Hukum kasih itu bukan sesuatu yang membebani manusia. Hukum kasih itu membebaskan dan menyempurnakan manusia. Hukum kasih itu melampaui hukum-hukum yang pernah dibuat manusia. Hukum kasih itu kehidupan. Sebab hukum kasih adalah hukum yang menyelamatkan dan menyempurnakan manusia. Buktinya: ketika kita memiliki berbagai keinginan tanpa batas, hukum kasih itu menahannya; ketika kita kehilangan semangat dalam mengasihi, hukum kasih menguatkan; ketika kita menjadi lelah bahkan padam dalam mengasihi, hukum kasih itu menyalakan kembali kasih yang letih dan padam itu; ketika kasih berada di dalam kepalsuan, hukum kasih memurnikannya; ketika kita tidak tahu apa yang harus kita perbuat bagi sesama, maka hukum kasih akan memberitahukan apa yang harus dikerjakan; ketika kita berkata tidak mungkin dapat aku mengasihi musuhku, hukum kasih malah memampukan kita untuk mengasihi musuh. Hukum kasih itu berkata dengan lembutnya: Pejamkan mata dan ingatlah kata-kata hukum kasih: kasihilah satu sama lain seperti Aku telah mengasihi kamu. Maka musuh berubah menjadi sahabat. Dia bukan lagi yang kubenci tetapi yang kukasihi. Dan pada saat itu pula kita berada di jalan kesempurnaan kasih. Inilah keterpilihan dan kekhususan kita sebagai pengikut Kristus: memiliki hukum kasih yang selalu bergema dengan lembutnya di dalam hati kita. Yesus sendirilah yang menanamkan hukum kasih di dalam hati setiap pengikut-Nya. Bukan kamu yang memilih aku, tetapi aku yang memilih kamu. Hukum kasih adalah rahmat, rahmat yang selalu menjadi milik semua pengikut Kristus.

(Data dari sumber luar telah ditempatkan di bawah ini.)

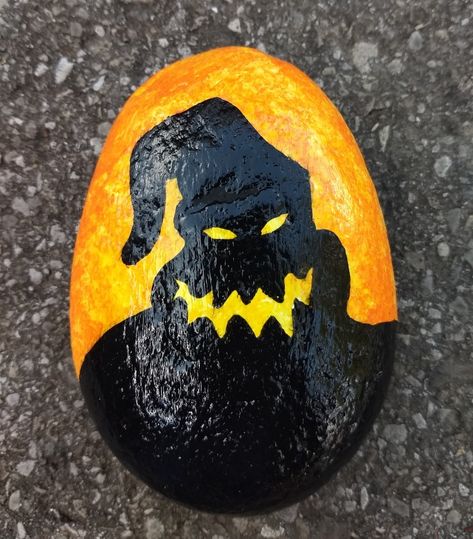 Scary Paintings, Garden Rock Art, Painted Pebbles, Rock Flowers, Paint Rocks, Snoopy Halloween, Halloween Rocks, Nightmare Before Christmas Halloween, Christmas Rock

Karena rahmat, sekarang marilah kita pergi melakukan hukum kasih dan menghasilkan buah-buah kasih. Sebab hukum kasih meminta kenyataan dan tindakan kasih. Dan juga hukum kasih hanya dapat dikenali dari buah-buahnya. Untuk itu, tinggallah selalu di dalam kasih. Hanya yang tinggal di dalam kasih itulah yang dapat mengetahui dan merasakan serta berbuat kasih itu sendiri.